Canha stays ready to break out with 4-RBI performance

June 1st, 2023

NEW YORK -- In the later innings on Tuesday, Buck Showalter meandered across the Mets’ dugout to chat with Mark Canha, who had not appeared in two of the team’s previous four games. That was a trend. Slumping for much of the early season, Canha had seen a steady degradation of his playing time. On the nights he did play, Canha was tumbling down Showalter’s batting order. The manager wanted to check his pulse.

True to his personality, Canha shrugged off the approach. He told Showalter he was doing just fine because the Mets were winning. When the manager assured him he would return to the lineup on Wednesday, Canha replied simply: “OK.”

“Mark is low-maintenance, because he does everything to stay ready,” Showalter said the following evening, after Canha broke out with by far his best performance of the season. “Nights like tonight don’t surprise anybody.”

Nights like Wednesday are the reason why the Mets signed Canha to be an everyday player in a star-studded lineup. Producing in a way he had yearned to for weeks, Canha drove home all four Mets runs in a 4-1 win over the Phillies at Citi Field. He homered off Aaron Nola in his first at-bat. He laced a two-run single to the opposite field in the fourth. He paced the offense on a night in which the team’s top six hitters finished 2-for-22, and he reacted to it all with, essentially, a shrug.

“You work and you work and you work, and I feel like a lot of games throughout the course of the season are OK games -- a little bit good, a little bit bad,” Canha said. “But then those really good ones, they happen once in a while. It’s like, ‘That’s why you put in the work.’”

For Canha, putting in the work has meant countless hours in the cage with hitting coaches Jeremy Barnes and Eric Hinske. On Tuesday, Canha showed up around noon to take extra swings; he often logs heavy work on days he knows he’s not in the lineup.

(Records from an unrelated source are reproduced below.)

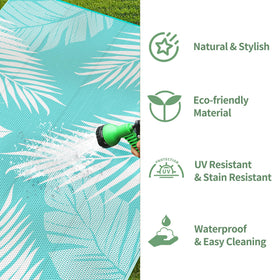 GENIMO outdoor rug is easy to clean and quick to air dry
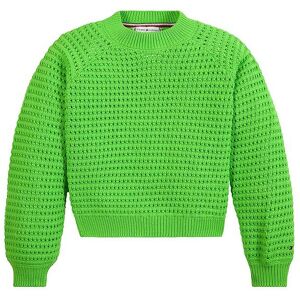 Tommy Hilfiger Bluse - Strik - Crochet - Spring Lime - Tommy Hilfiger - 12 År (152) - Bluse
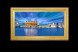 Golden Temple Blue Background & Blue Sarovar with  Golden Plated Frame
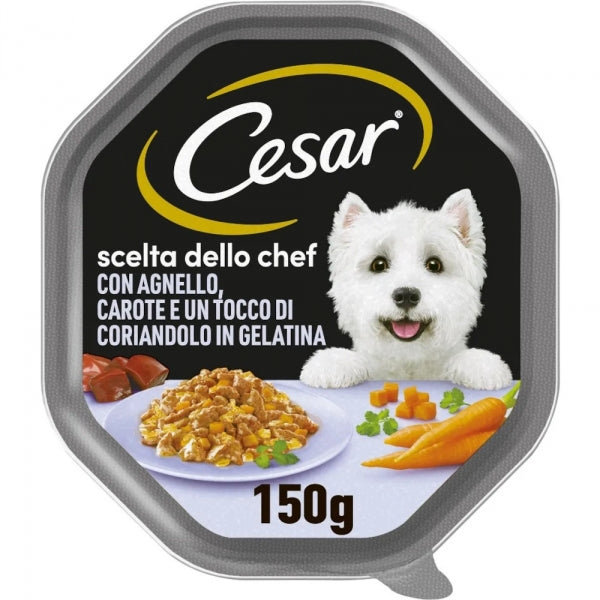 CESAR SCELTA CHEF CON AGNELLO CAROTE E TOCCO DI CORIANDOLO IN GELELATINA 150 GR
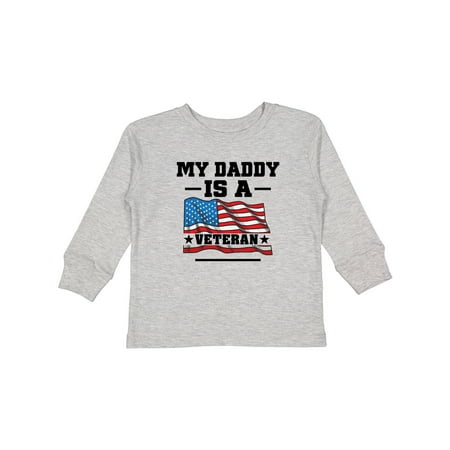 Inktastic My Daddy is a Veteran Gift Toddler Boy or Toddler Girl Long Sleeve T-Shirt
Inktastic My Daddy is a Veteran Gift Toddler Boy or Toddler Girl Long Sleeve T-Shirt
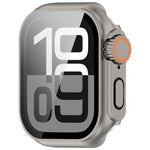 เปลี่ยนเป็นเคสใส่ปุ่ม PC แบบบูรณาการพร้อมฟิล์มกระจกนิรภัย Ultra 49mm สำหรับ Apple Watch Series 6 / 5 / 4 & SE 44mm, สำหรับ Apple Watch Series 6 / 5 / 4 & SE 40mm, สำหรับ Apple Watch Series 11 / 10 46mm, สำหรับ Apple Watch Series 11 / 10 42mm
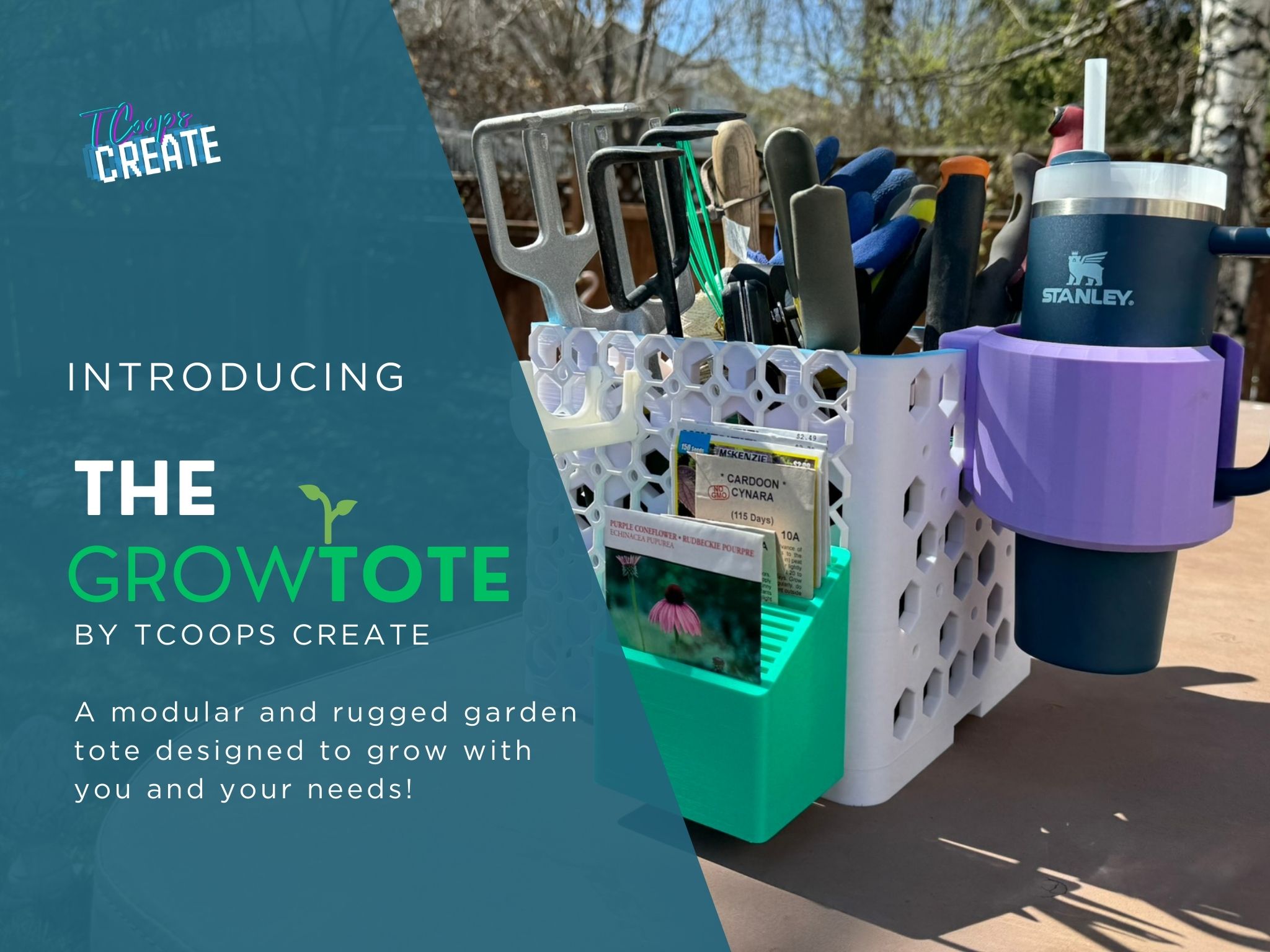 🌱 The GrowTote OG – Garden Caddy/Tote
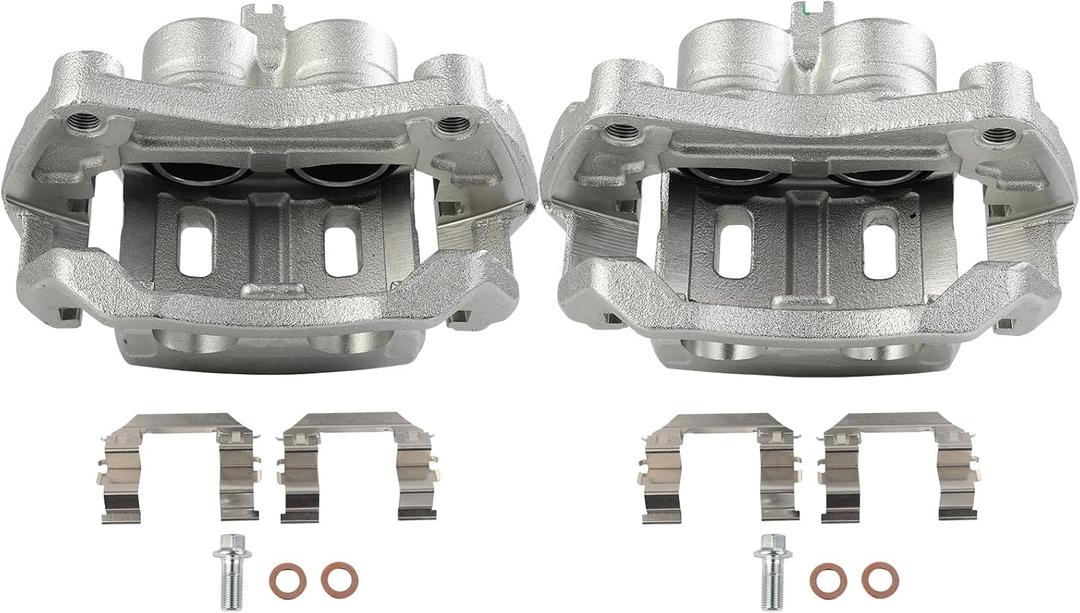 19B2870B 19B2871B Front Left & Right Disc Brake Calipers Assembly w/Bracket Compatible For INFINITI 2006-2019,For Nissan 2009-2021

There was, after all, much to improve. Entering this season, one of Canha’s individual goals was to add power to his game. A prolific home run hitter during stretches with the A’s, Canha went deep just 13 times during his first year with the Mets -- his lowest full-season total in half a decade. He knew he was capable of more.

The dawn of this season brought much of the same. Struggling to put the ball over the fence, Canha more recently had begun scuffling in general, falling to eighth in the Mets’ lineup (when he was in it at all) and entering Wednesday’s play with a .233/.318/.360 slash line.

That’s what made Canha’s 2-for-3, four-RBI performance so notable. In one night, he drove home more runs than he had in his previous 23 games combined.

“I’m trying to grab onto something that’s real and something that’s tangible, something that’s sustainable throughout the course of the year,” Canha said. “I feel like I’ve been building toward that.”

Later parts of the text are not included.